Following  in  the  footsteps  of  Jesus,  it  is  the  lifelong  responsibility  for  Catholics  “to  do  good  and  oppose  evil,”  including  in  election  choices. To  distinguish  between right and wrong, people of faith turn to their conscience: a tool that relies on the “judgement of reason” and  Scripture  to  offer  guidance  for  decision-making. Each Catholic is called to develop a “well-formed” conscience, internalizing their faith and the Word of God so they can apply it to real-life situations daily.

In  the  context  of  the  upcoming  election  and  the  conscience formation process, the Catholic Church reminds people of faith that they are not alone.
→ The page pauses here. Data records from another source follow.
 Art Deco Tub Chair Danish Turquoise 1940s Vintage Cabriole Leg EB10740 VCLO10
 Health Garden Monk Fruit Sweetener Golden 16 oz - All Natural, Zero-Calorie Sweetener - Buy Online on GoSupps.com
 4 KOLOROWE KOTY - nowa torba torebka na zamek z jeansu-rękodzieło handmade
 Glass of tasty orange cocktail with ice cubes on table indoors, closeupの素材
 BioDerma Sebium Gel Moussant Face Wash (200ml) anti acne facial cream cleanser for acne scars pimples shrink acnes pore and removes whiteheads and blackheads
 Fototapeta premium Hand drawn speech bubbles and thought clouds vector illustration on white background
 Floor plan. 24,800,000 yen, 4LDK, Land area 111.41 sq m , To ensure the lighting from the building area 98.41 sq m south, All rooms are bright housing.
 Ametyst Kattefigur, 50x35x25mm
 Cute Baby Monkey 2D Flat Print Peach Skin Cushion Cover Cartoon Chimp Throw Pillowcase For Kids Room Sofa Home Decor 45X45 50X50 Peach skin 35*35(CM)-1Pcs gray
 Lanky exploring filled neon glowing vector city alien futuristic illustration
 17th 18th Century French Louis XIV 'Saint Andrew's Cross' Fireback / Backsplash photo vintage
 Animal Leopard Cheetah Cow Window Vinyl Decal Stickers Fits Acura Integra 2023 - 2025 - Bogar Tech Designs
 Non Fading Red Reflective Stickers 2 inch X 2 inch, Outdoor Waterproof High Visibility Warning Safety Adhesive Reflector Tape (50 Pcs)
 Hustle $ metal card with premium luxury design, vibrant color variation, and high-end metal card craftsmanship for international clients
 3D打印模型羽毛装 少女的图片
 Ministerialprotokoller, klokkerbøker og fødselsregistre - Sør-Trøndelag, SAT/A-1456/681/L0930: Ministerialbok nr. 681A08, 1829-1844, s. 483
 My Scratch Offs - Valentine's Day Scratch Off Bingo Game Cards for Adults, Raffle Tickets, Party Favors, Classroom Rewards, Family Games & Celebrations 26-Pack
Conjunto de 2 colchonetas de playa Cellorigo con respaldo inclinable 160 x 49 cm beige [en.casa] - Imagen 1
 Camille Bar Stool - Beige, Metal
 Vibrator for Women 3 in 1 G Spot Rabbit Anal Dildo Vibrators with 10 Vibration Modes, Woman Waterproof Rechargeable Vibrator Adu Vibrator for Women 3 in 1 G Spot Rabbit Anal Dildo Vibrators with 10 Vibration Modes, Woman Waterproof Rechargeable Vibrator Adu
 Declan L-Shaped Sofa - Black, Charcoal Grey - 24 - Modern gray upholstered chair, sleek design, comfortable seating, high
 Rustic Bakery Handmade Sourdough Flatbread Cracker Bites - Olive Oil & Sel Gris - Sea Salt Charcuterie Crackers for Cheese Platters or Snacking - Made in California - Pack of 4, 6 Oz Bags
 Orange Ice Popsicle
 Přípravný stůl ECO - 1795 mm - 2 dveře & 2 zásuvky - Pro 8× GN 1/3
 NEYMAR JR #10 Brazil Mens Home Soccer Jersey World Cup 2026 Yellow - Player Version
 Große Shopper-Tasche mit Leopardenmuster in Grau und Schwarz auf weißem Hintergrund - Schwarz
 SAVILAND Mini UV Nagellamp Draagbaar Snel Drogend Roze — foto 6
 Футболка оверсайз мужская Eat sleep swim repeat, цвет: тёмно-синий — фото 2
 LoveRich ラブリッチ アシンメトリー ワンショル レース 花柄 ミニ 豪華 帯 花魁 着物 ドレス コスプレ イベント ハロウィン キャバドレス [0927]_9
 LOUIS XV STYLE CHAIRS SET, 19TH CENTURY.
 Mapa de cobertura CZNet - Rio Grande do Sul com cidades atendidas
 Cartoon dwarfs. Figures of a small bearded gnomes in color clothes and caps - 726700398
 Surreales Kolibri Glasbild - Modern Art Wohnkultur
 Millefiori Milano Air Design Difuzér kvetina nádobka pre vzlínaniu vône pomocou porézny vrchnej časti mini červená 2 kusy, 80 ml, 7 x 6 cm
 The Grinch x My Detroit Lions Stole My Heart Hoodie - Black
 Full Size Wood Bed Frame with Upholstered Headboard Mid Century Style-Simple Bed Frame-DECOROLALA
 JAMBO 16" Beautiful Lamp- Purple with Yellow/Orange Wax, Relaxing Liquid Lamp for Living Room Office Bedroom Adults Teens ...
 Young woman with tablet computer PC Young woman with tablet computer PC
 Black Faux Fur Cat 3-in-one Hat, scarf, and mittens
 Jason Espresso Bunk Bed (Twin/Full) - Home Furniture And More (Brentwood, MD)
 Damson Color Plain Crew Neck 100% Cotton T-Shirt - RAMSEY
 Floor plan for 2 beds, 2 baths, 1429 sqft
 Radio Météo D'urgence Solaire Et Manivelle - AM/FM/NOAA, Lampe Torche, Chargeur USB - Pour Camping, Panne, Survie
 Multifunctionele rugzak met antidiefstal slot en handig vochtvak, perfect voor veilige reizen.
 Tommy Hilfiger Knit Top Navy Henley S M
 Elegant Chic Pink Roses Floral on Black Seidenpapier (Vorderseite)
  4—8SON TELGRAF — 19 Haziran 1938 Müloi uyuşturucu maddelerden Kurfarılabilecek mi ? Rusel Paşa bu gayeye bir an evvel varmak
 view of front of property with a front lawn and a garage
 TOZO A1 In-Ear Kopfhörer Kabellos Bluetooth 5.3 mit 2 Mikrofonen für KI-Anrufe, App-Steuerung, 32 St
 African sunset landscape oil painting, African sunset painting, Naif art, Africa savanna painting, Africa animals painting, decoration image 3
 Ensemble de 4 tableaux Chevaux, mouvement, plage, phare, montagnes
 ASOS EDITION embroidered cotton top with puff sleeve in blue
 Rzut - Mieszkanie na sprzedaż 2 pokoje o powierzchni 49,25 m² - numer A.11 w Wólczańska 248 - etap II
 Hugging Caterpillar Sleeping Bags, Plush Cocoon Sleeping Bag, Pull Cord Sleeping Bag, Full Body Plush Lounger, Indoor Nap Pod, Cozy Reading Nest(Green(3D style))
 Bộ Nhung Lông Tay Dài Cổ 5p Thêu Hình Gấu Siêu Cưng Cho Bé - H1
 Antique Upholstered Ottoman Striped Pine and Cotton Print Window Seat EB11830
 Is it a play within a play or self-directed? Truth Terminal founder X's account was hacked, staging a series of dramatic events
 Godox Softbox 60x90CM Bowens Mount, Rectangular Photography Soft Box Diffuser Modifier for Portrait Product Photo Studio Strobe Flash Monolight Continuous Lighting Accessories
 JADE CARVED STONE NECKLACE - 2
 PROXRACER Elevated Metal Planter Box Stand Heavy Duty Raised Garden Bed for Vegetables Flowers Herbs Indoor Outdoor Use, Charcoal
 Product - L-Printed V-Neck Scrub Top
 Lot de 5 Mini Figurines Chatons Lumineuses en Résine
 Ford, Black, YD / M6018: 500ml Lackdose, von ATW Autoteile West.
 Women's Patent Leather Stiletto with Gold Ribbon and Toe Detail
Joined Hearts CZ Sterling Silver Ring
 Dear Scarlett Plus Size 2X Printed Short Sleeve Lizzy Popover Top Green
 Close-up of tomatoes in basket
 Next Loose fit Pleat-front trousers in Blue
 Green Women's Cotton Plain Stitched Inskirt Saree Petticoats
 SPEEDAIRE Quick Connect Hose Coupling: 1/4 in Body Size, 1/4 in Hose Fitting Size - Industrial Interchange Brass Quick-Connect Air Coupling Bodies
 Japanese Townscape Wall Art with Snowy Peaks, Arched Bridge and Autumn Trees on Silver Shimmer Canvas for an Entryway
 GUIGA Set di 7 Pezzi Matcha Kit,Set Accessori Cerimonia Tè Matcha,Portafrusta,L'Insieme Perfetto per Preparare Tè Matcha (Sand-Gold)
While the Church does not endorse candidates or instruct parishioners how to vote, it has particular responsibilities: sharing the moral truth about issues and encouraging believers to develop prudence. Prudence is a virtue that, if cultivated, assists individuals  in  “[discerning]  our  true  good  in  every  circumstance and [choosing] the right means of achieving it.” Developing  a  well-formed  conscience  is  not  a  one-time  exercise.  After  casting  their  ballot,  Catholics  may  continue their efforts by infusing their politics with faith and Scripture, by supporting the common good, and by personally living out the teachings of the faith within their families, workplaces, and communities.

Conscience Formation Tips

  • Study Scripture, Catholic Social Teaching, and the lives of the saints.
  • Pray for the gifts of the Holy Spirit—counsel, fear of the Lord, fortitude, knowledge, piety, understanding, and wisdom—to help guide the decision-making process.
  • Regularly partake in an examination of conscience to hear God’s voice.
  • Seek advice about conscience formation from trusted leaders when needed.
  • Examine the facts and background information about a given choice.

Prudence asks Catholics to consider their alternatives in a given choice, as well as what action is most fitting in the context of the situation. St. Thomas Aquinas called it “right reason” or “wisdom concerning human affairs” in his work Summa Theologiae.